On November 24, 2021, The Chemours Company AR, LLC, a Delaware limited liability
company ("Chemours AR"), and The Chemours Company FC, LLC, a Delaware limited
liability company ("Chemours FC"), entered into an amendment (the "Second
Amendment") to the Amended and Restated Receivables Purchase Agreement, dated as
of March 9, 2020, as amended on March 5, 2021 (the "Receivables Purchase
Agreement"). Chemours AR and Chemours FC entered into the Second Amendment with
The Toronto-Dominion Bank, as Administrative Agent, as LC Bank, as a Group
Agent, and as a Related Committed Purchaser, and Reliant Trust, as a Conduit
Purchaser. Chemours FC is a wholly-owned subsidiary of The Chemours Company, a
Delaware corporation (the "Company"), and Chemours AR is a wholly-owned,
bankruptcy-remote special purpose subsidiary of Chemours FC.
The Second Amendment, among other things, extends the term of the Receivables
Purchase Agreement, such that Chemours AR may sell certain receivables and
request investments and letters of credit until the earlier of March 6, 2024 or
another event that constitutes a "Termination Date" under the Receivables
Purchase Agreement. Prior to giving effect to the Second Amendment, the
Receivables Purchase Agreement was scheduled to expire on March 6, 2023. The
Second Amendment also added excluded obligors to the facility.

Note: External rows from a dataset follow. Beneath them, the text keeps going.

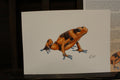 Lehmanns' Poison Dart Frog A4 Poster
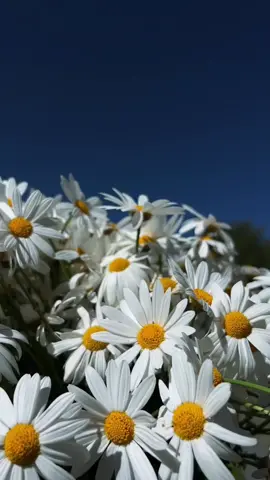الحياة بخير مادام هناك أشخاص قلوبهم كالسماء وارواحهم كالنور وابتسامتهم هي الزهر في عبوس الارض 🕊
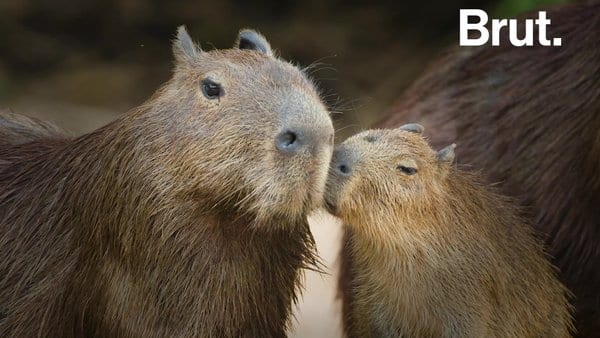 Simulation Capybara Peluche Jouet En peluche Animal Cameroon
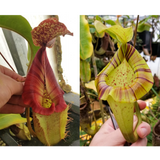 Nepenthes [(Rokko x boschiana) x veitchii] x platychila Drew McClain, CAR-0412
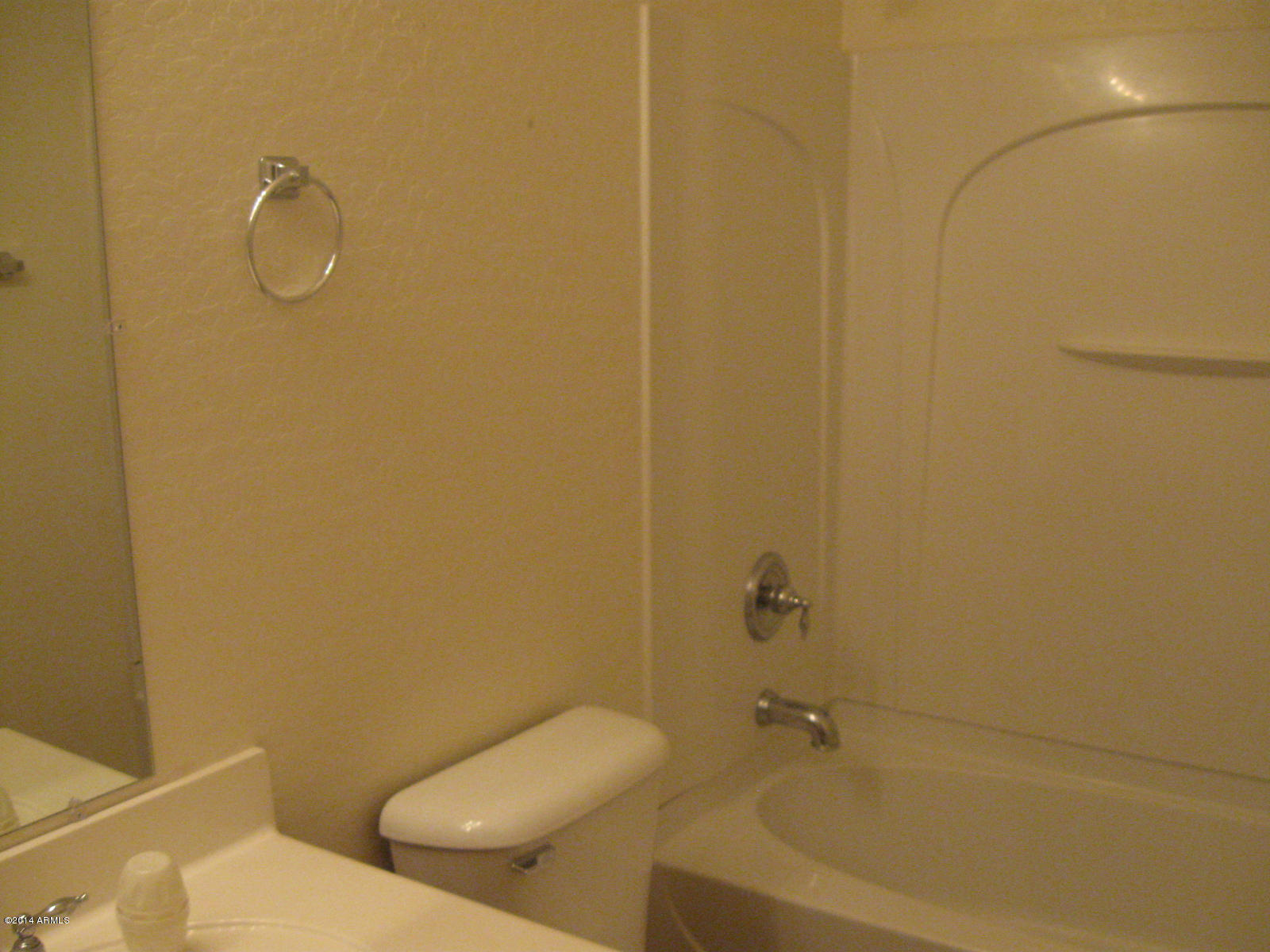 8139 West Riverside Avenue Phoenix, AZ 85043 - Photo 5 of 14 IMG_4825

The foregoing description is only a summary of the Second Amendment, and is
qualified in its entirety by reference to the full text of the Second Amendment,
which is filed as Exhibit 99.1 hereto, and which is incorporated by reference
herein.
Item 9.01. Financial Statements and Exhibits.
(d)Exhibits.
99.1* Second Amendment to Amended and Restated Receivables Purchase Agreement,
99.2* dated as of November 24, 2021.
Exhibit A to the Second Amendment to Amended and Restated Receivables
Purchase Agreement, dated as of November 24, 2021.
104 The cover page from this Current Report on Form 8-K, formatted in Inline
XBRL.
______________
* Certain schedules and exhibits to Exhibit 99.1 and 99.2 have been omitted
pursuant to Item 601(a)(5) of Regulation S-K. The Company agrees to furnish
supplementally a copy of such schedules and exhibits, or any section thereof, to
the Securities and Exchange Commission upon request.